Presente tutto lo stato maggiore del partito guidato dal sindaco Clemente Mastella, che ha arringato la folla presente e i residenti affacciati alle finestre e sui balconi, nonché tutti i candidati al Parlamento, Gino Abbate, Carmen Coppola, Armando Rocco, Pompilio Forgione e Mariella Cirocco. Centrale in questa fase la questione sanitaria, con la consorte del primo cittadino che chiama in causa direttamente il governatore: “Ho presentato ben cinque interrogazioni sulla situazione relativa al Dea dell’ospedale San Pio ma i ministri competenti non hanno mai risposto. Siamo tutti molto preoccupati e penso che nei prossimi giorni ne vorremo sapere di più anche dal presidente De Luca perché è un problema che tocca pure lui. Questo grido d’allarme gli giunga velocemente: non si può pensare di avere un ospedale così importante dove mancano anestesisti e la gente non si può operare. Zinzi?
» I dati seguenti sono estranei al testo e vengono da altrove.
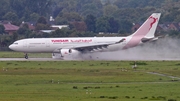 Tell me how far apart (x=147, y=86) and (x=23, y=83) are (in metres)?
11.7

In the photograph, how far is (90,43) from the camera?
106 meters

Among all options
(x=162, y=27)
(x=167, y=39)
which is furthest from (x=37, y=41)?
(x=162, y=27)

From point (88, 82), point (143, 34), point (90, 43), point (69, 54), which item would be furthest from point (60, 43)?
point (88, 82)

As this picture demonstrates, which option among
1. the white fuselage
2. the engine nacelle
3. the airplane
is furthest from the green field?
Answer: the white fuselage

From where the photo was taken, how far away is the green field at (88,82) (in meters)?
53.2

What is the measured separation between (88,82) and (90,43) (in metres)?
40.5

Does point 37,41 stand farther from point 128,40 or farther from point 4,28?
point 4,28

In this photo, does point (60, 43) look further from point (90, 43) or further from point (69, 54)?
point (90, 43)

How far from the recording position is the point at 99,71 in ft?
255

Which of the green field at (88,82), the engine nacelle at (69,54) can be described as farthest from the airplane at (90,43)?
the green field at (88,82)

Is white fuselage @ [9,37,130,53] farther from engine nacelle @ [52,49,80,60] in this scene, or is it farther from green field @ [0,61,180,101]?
green field @ [0,61,180,101]

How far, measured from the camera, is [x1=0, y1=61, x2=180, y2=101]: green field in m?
53.2

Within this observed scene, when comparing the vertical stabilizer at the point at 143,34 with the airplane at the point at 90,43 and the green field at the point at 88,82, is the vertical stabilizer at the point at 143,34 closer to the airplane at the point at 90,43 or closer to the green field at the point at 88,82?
the airplane at the point at 90,43

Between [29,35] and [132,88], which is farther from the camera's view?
[29,35] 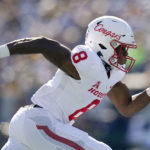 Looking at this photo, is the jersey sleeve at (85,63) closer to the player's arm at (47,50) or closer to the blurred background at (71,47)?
the player's arm at (47,50)

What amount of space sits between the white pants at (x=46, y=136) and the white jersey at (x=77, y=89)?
88 millimetres

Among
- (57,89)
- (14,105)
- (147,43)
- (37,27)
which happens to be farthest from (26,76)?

Per la verità lo stiamo sentendo soltanto adesso”.

Per l’onorevole quella al Rione Libertà rappresenta “una sede storica, già usata alle Comunali, ed è un momento importante perché ci dà la possibilità di interfacciarci con i cittadini”. E fa leva sul successo delle ultime elezioni oltre che sul legame con la città un agguerrito Clemente Mastella: “Sappiate solo questo: o votate per noi o Benevento non avrà rappresentanti in Parlamento. Cosa c’entrano Berlusconi e la Fascina con noi? Non c’erano loro o Salvini a distribuire le mascherine casa per casa, ma io e Gino Abbate. Come fecero i nostri avi alle forche caudine, dobbiamo combattere”. Appunto, la guerra: sui rincari annuncia misure per il prossimo autunno a partire dal “sabato libero a scuola alla pubblica illuminazione che sarà ridotta. Conosciamo i problemi delle famiglie e anche la difficoltà nel fare figli, per questo proponiamo il reddito per le casalinghe da 700 euro”.